# [Your instructions]
Within the material below, transcribe exactly the lines from the one holding "Sevenberry - Cotton" through the one holding "Fire Retardant Clear Vinyl Tarp", keeping both ends and skipping the rest.

# [Records shown]
..............................
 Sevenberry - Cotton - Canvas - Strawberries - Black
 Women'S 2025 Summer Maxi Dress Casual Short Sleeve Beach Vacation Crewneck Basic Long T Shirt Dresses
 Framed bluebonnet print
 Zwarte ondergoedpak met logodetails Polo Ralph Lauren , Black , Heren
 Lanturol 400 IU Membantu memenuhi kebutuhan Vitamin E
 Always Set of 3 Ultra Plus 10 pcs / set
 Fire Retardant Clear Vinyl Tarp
..............................
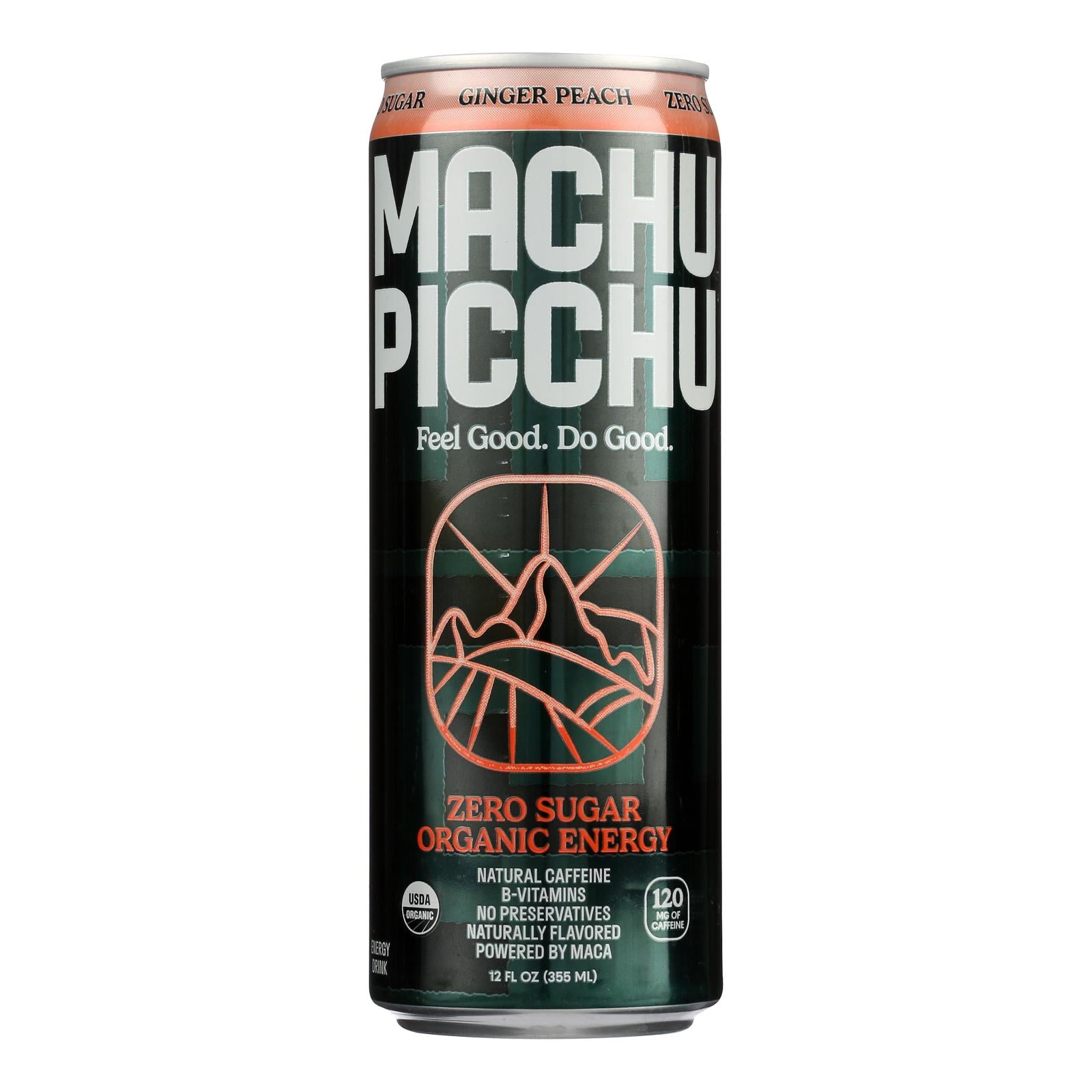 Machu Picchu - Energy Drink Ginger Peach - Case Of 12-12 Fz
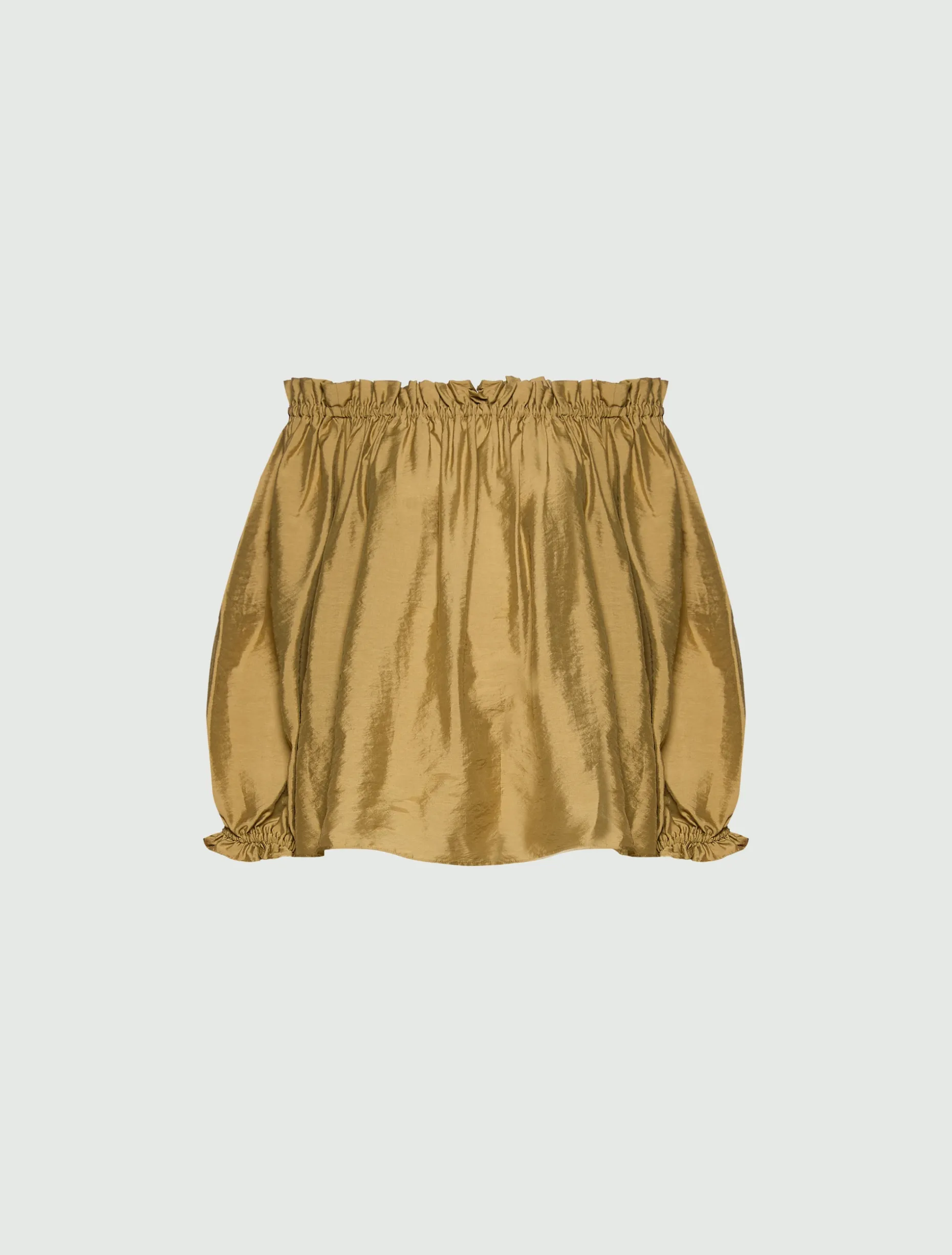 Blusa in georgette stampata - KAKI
..............................
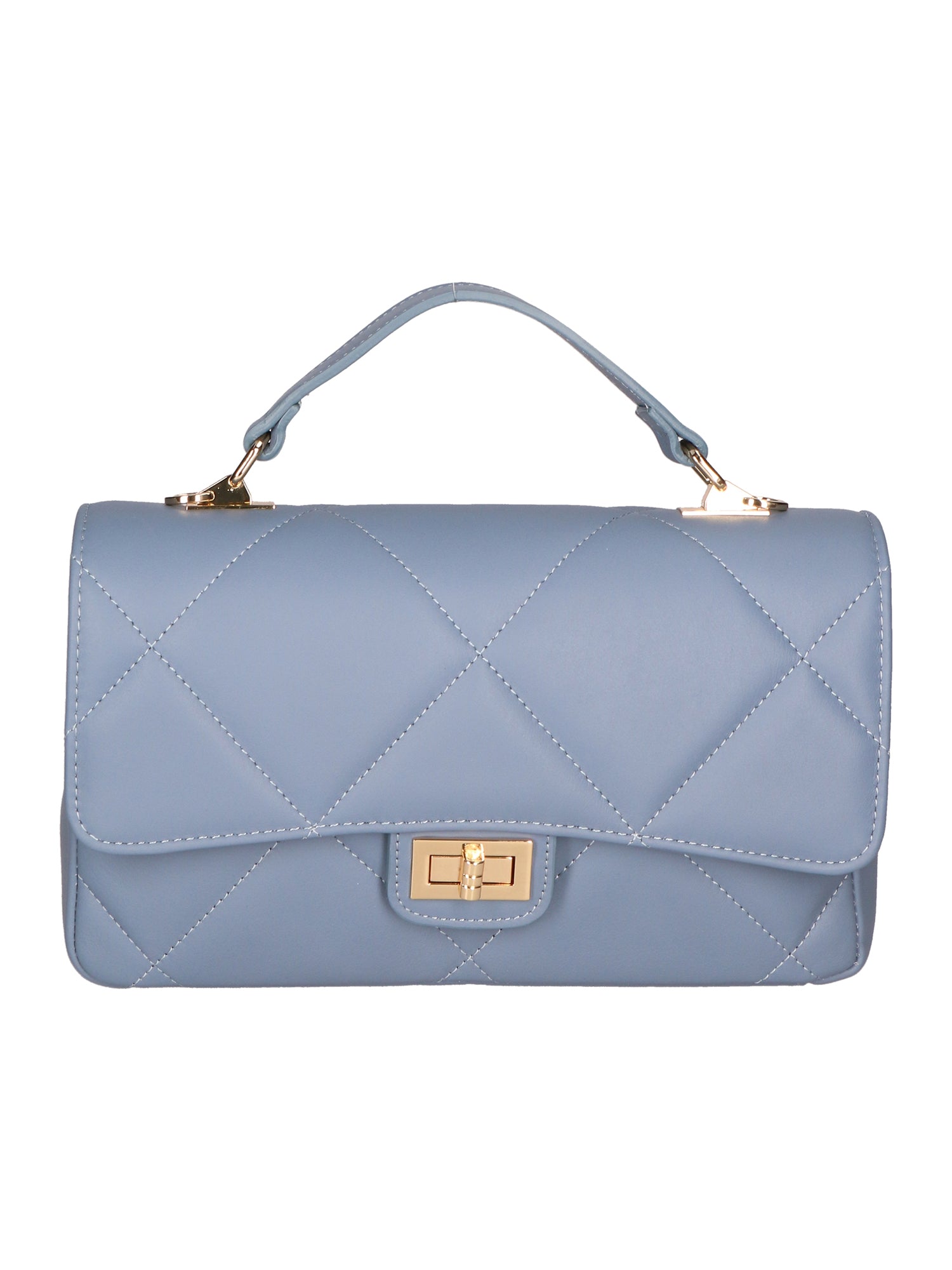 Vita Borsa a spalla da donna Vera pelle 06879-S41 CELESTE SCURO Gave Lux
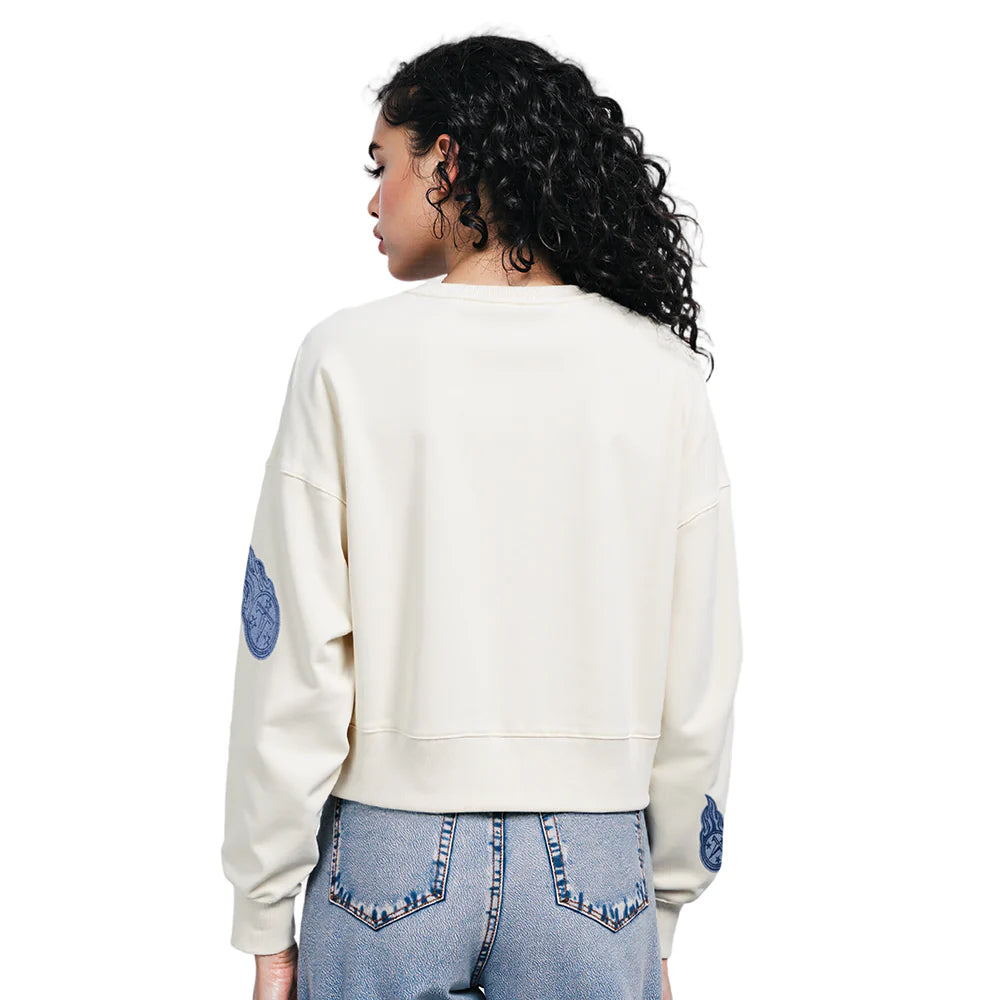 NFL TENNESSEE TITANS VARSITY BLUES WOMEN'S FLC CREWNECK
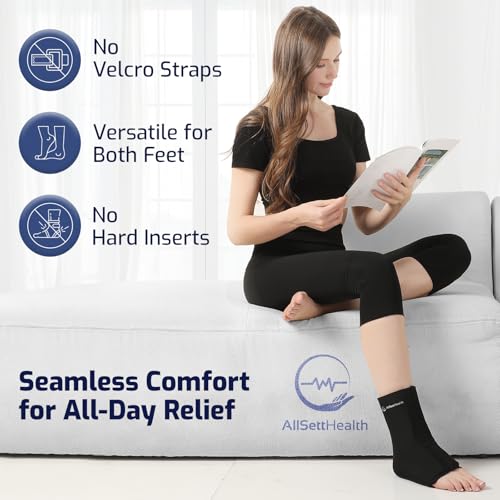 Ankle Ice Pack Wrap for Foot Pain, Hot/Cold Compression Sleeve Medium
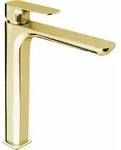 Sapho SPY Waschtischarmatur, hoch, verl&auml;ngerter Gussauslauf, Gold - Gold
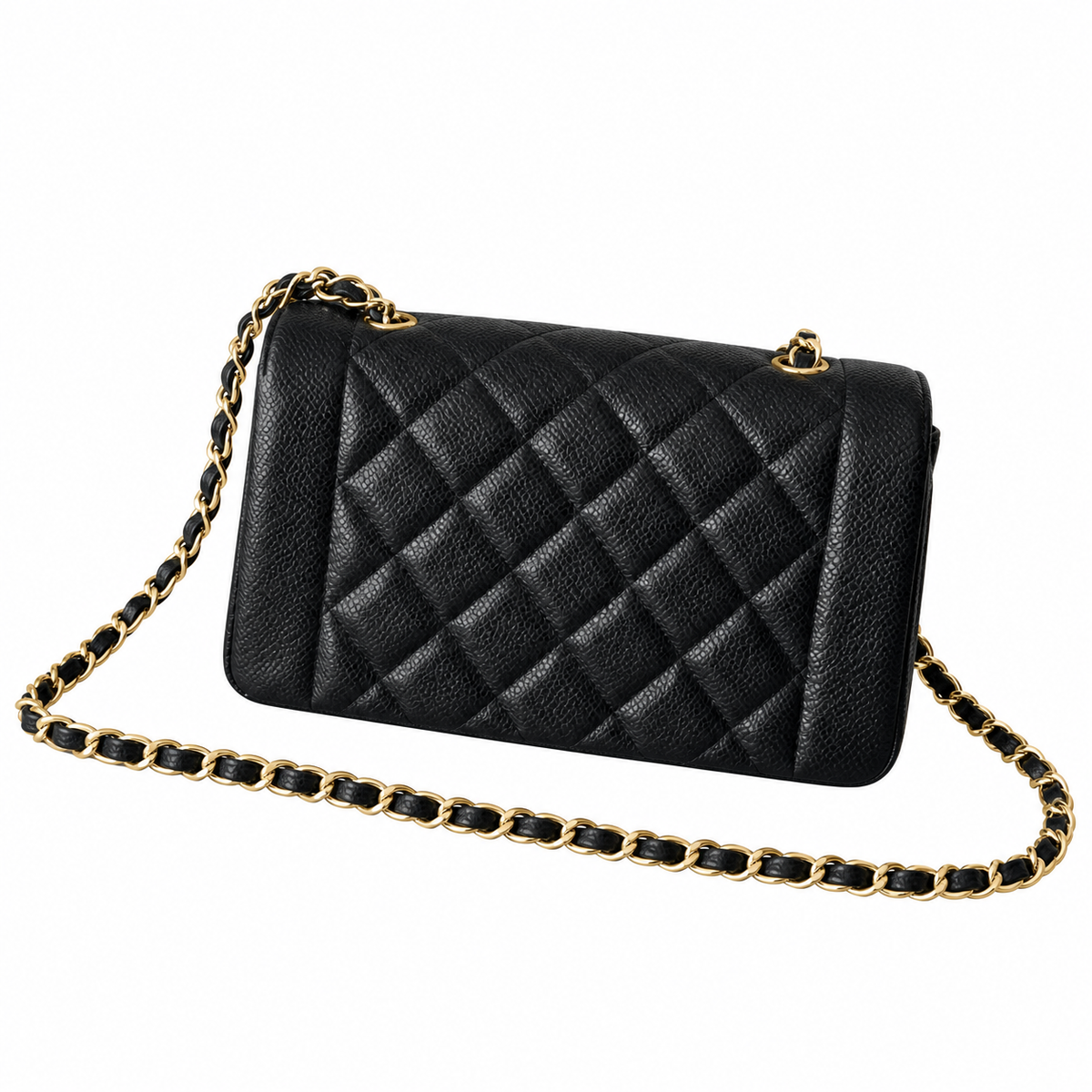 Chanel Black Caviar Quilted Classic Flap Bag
..............................
# [Problem solution]
 Sevenberry - Cotton - Canvas - Strawberries - Black
 Women'S 2025 Summer Maxi Dress Casual Short Sleeve Beach Vacation Crewneck Basic Long T Shirt Dresses
 Framed bluebonnet print
 Zwarte ondergoedpak met logodetails Polo Ralph Lauren , Black , Heren
 Lanturol 400 IU Membantu memenuhi kebutuhan Vitamin E
 Always Set of 3 Ultra Plus 10 pcs / set
 Fire Retardant Clear Vinyl Tarp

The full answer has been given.